Por isso ele está sempre “en garde”, com bracinhos curtos, como um soldado, um espadachim. Ele não venta, não verga, só espera. Ele não serve para nada, alem de existir. Não, não; suas flores servem sim, anunciando chuvas. Seus frutinhos são insípidos e ele só serve de comida em ultimo caso, humilhado em sua pose meio-humana, sendo esquartejado, cadáver verde, raspado de espinhos para alimentar os bois na seca.

Mas, aqui, na minha sala ele está longe de seu deserto, ele está sozinho, parece mais um retirante, desambientado na presença dos vasos de louças, da mesa de mármore, dos livros, sofás.

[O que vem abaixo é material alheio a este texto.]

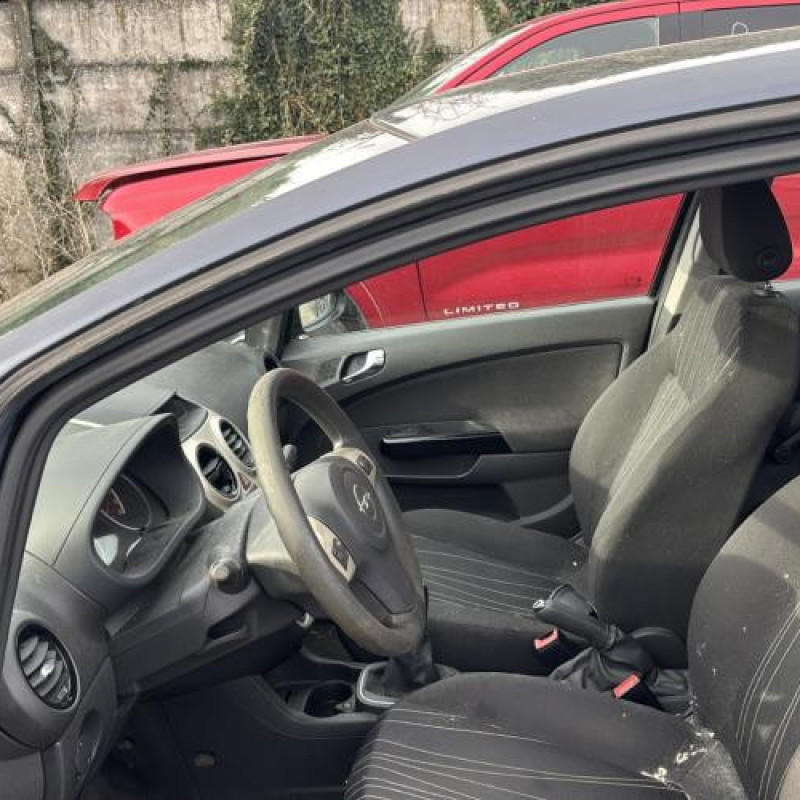 Reservoir essence OPEL CORSA D Photo n°13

Que faz esse retirante, esse pau-de-arara aqui? Ele é um intruso, mas não parece constrangido em sua dignidade agreste. Ao contrario, suas presença aviva tudo à sua volta por diferença, tudo fica mais nítido, porque ele parece coisa, se disfarça até de coisa, mas está vivo. Vivo. E´ isso que me assombra, à noite, quando chego e o vejo em sua discreta vigília, me esperando. Dou-lhe um “olá” mudo e gosto que ele esteja ali, amigo sem nada pedir. A sua volta abre-se um Nordeste em minha sala, lembrança de vaqueiros, cangaço, Lampião e Graciliano. Ele me re-liga com uma natureza sem exuberâncias, sem românticas esperanças ecológicas, mas uma natureza viril, discreta, me trazendo um sentimento de coragem. E eu não estou mais sozinho. Ele é o Sr. “Cereus Jamacaru” e eu o Arnaldo. Aprendo com ele a resistir aos ataques que têm me ferido pela a incompreensão do amor virado em ódio, com ele aprendo que não há motivo algum para a esperança, nem para a salvação, mas que viver é uma ordem que obedecemos e que pode ser um prazer silencioso como ele certamente tem, debaixo do sol da caatinga ou no canto de minha sala. De noite, durmo e sei que há dois viventes em casa. Eu e ele. Não sei até quando, pois ele talvez me sobreviva e fique para sempre em minha casa, esperando alguém que o leve para um destino novo e que talvez o assassine.